Problem statement => Scan the material below for the word "with", then copy every line in which it appears.

==== Exercise materials

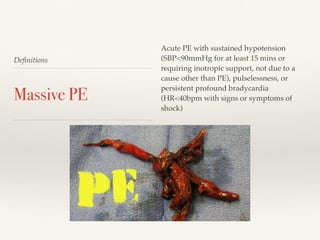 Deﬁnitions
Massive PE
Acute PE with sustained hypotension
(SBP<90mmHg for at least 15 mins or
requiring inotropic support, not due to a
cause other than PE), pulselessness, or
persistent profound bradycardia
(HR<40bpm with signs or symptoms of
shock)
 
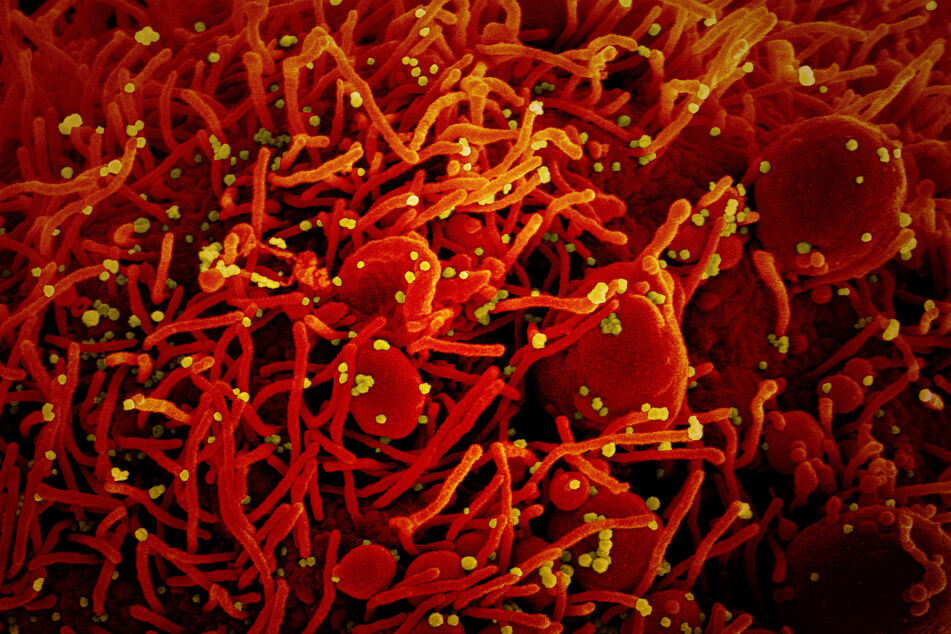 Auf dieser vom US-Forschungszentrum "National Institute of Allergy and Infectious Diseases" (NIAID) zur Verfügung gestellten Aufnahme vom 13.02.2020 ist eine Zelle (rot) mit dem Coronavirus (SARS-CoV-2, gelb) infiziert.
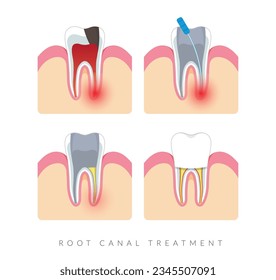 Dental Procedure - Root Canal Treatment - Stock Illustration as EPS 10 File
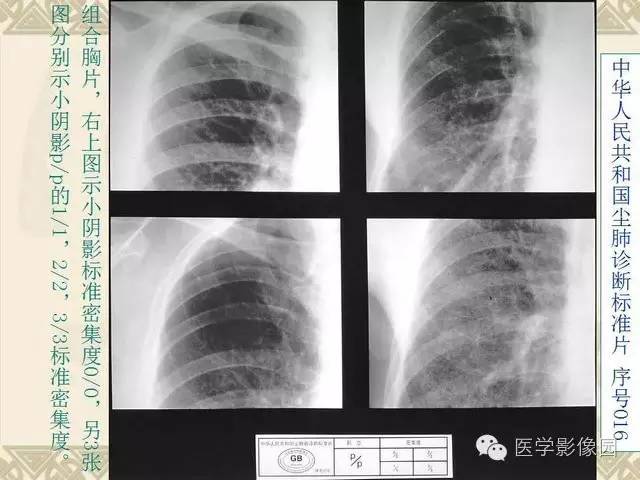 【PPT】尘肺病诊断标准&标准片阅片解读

========
==== Exercise materials

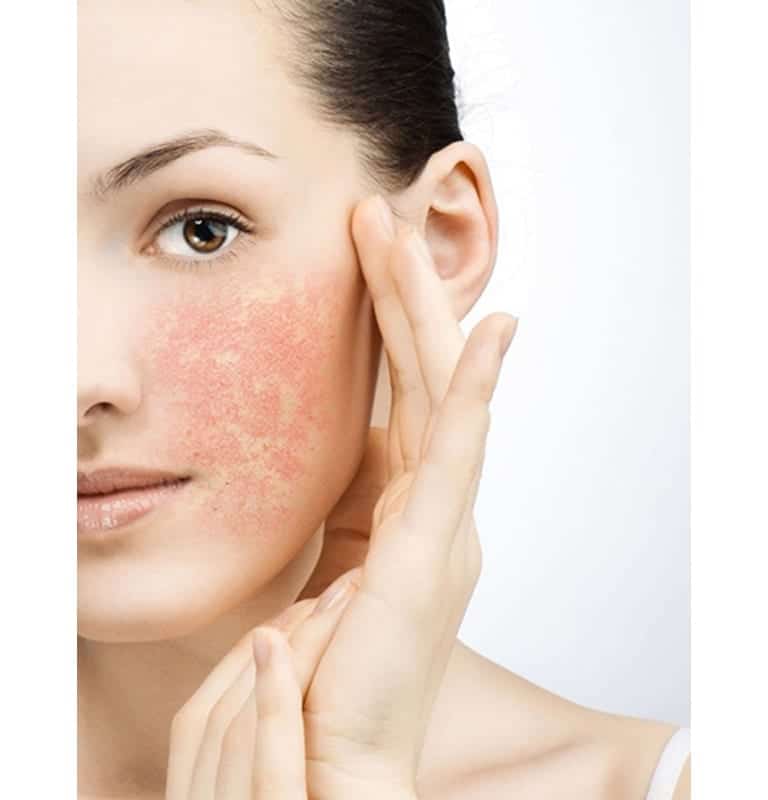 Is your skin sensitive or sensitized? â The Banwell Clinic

========

Exercise result =>
Acute PE with sustained hypotension
(HR<40bpm with signs or symptoms of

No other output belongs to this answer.